We were on our way to Randall’s one evening, when the all-too-familiar, Austin traffic brought us to a grinding halt. I was humming along with the radio when a “CLICK!” caught me by surprise. My girlfriend had locked the doors of the car, and I couldn’t fathom why. I conveyed my confusion with the lift of an eyebrow. She simply pointed past me at something outside the passenger side window. Following her finger, my eyes eventually made out what looked like a small gathering of homeless men. One of the panhandlers had begun limping towards our car.
“So what,” I thought aloud, “Just tell them we don’t have any money.” (This was true. I’m sympathetic toward those in disadvantaged circumstances, but I rarely carry cash as a debt-laden undergrad with a food-service job.)
“Things are just a little different as a girl,” she offered.
We drove off, leaving the homeless fellow and his tattered, trench coat behind, but the simple truth of her blunt words had sunk in. Even in America, the most modern, and equality-driven of countries, women still have concerns for their personal safety.
There is a commonly-held belief in today’s society, that the notion of chivalry is dead. Perhaps it is, and if we’re talking about it in a classical sense, it should stay that way. Many women would even argue that they don’t want or need a man looking out for them.
I agree. Surely, women do not need a man to protect or shelter them based on outdated beliefs. This would be an acknowledgement of difference or weakness. Women are our equals in every sense of the phrase. It’s time to start treating them as such.
I propose a modernized version of the word chivalry. It is not only an acknowledgement of the true equality of the opposite sex, but a need for actually treating them as such. Recognize that girlfriends, on their way to the supermarket late at night, have concerns about their safety. No, you don’t necessarily have to offer to walk them to safety, but let’s not be the creepy, drunken guy, lurking around or staring at them. Let’s make sure we are not objectifying them in the form of awkward and downright disrespectful pick-up attempts.
I can’t fathom an area more prone to acts of sexist machismo than the bars and lounges of our beloved college town, Austin. I’ve witnessed testosterone run wild. One night, I watched a man persistently harass a group of ladies playing pool at Bender Bar until they grew too uncomfortable and walked away from their game.
It is never acceptable to ruin someone’s attempt at a good time. Don’t be that guy. He is the reason females have to worry about their ability to feel safe and comfortable, and as our equals, this is a burden they shouldn’t be forced to endure. I doubt Mr.
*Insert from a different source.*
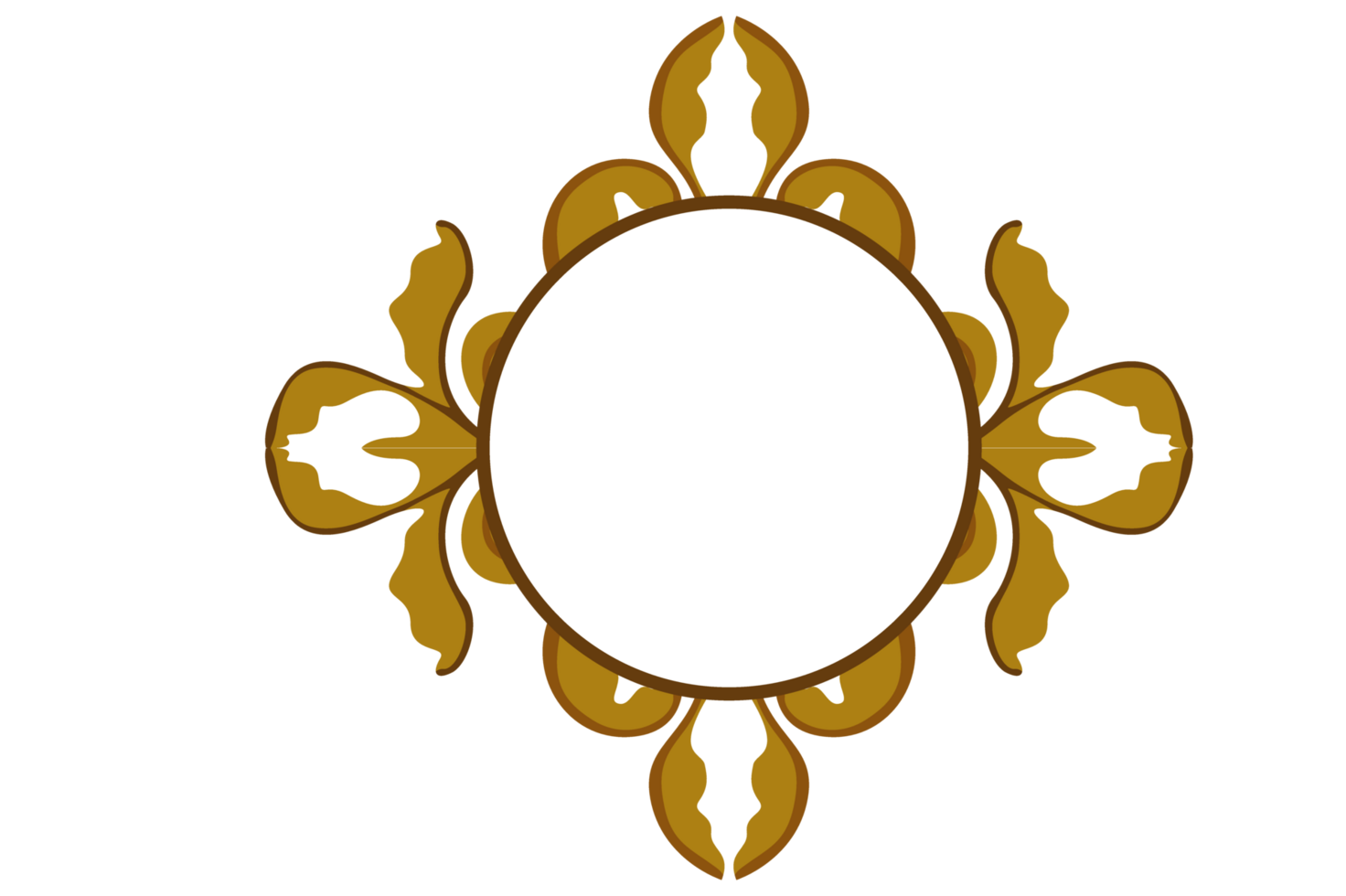 Flora Ornament Border With Design With Transparent Background png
Obnoxious would have pestered a handful of his manly peers on the pool table.
Growing up, I listened to my two sisters vent their feelings of discomfort toward cat-calling crews of construction workers. Many times, they described going to the local gym only to be met with distasteful ogling. These males may have believed their actions to be socially acceptable, they would be wrong. My sisters’ distress was proof that what is“normal” behavior to one, can have lasting negativity on the psyche of another. I ask, is that the type of social sphere we want our mothers, sisters, girlfriends, and perhaps someday, daughters inhabiting? By making women feel more comfortable, safe and valued through modernized chivalry and equality-driven morals, we will foster a society with fewer locked doors and less degradation of our worthy feminine counterparts.